Denuncia dei consiglieri di centrosinistra: il Comune sanzionato due volte per i tagli

PESCARA . «Il Comune di Pescara non poteva abbattere gli alberi di via Pantini, nel cuore della Riserva naturale della Pineta Dannunziana, abbattuti all’alba del 31 maggio nel corso di un blitz: due sanzioni sono state elevate per illecito amministrativo da parte dei carabinieri forestali». A rivelarlo sono stati ieri mattina i consiglieri comunali di centrosinistra Piero Giampietro e Stefania Catalano (Partito democratico) e Mirko Frattarelli (Lista Sclocco Sindaco) che hanno evidenziato al Comune «l’assenza della necessaria autorizzazione della Regione Abruzzo in quanto l’intervento comportava la trasformazione di un bosco ai sensi della legge regionale 3/2014».
Secondo i consiglieri di opposizione, «quel blitz è stato un vero e proprio atto di forza e i rilievi amministrativi dei Carabinieri Forestali dimostrano che anche sul piano procedurale quel blitz era ampiamente lacunoso, perché in fase esecutiva ai sensi della legge vigente il Comune doveva chiedere preventivamente l’autorizzazione a trasformare il bosco, autorizzazione che poteva essere chiesta anche qualche giorno prima di far partire le ruspe così all’improvviso.
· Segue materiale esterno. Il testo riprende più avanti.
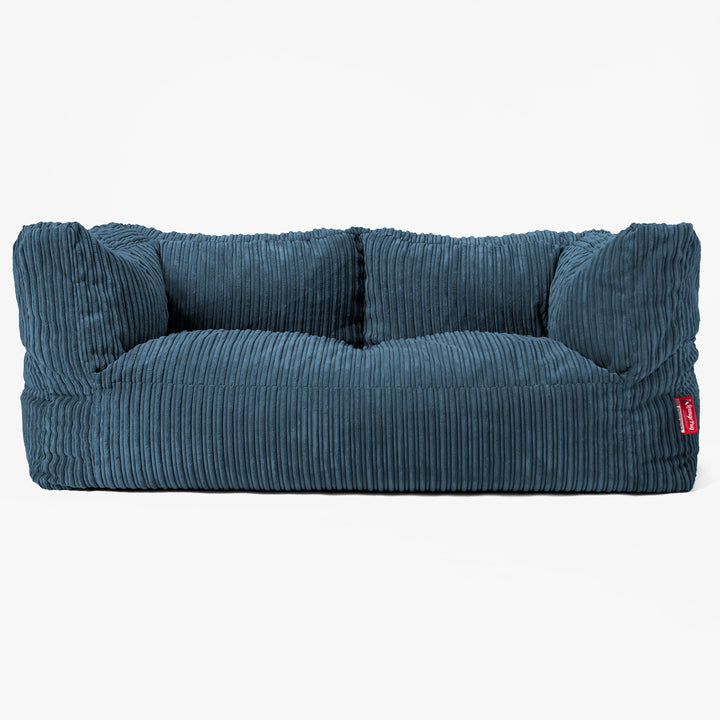 Albert Pouf Divano Gigante 2 posti per Bambini 3-14 anni - Velluto a Coste Navy 02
Avremmo preferito», continuano Giampietro, Catalano e Frattarelli, «che fosse il Comune a dare notizia di sanzioni e richiami, tanto più che poi il cantiere è stato fermato come formalmente suggerito nella nota dei Carabinieri Forestali: nel momento in cui si chiede giustamente ai cittadini di partecipare alla rinascita della Pineta dopo l’incendio del 1 agosto, bisogna che il Comune garantisca la massima trasparenza».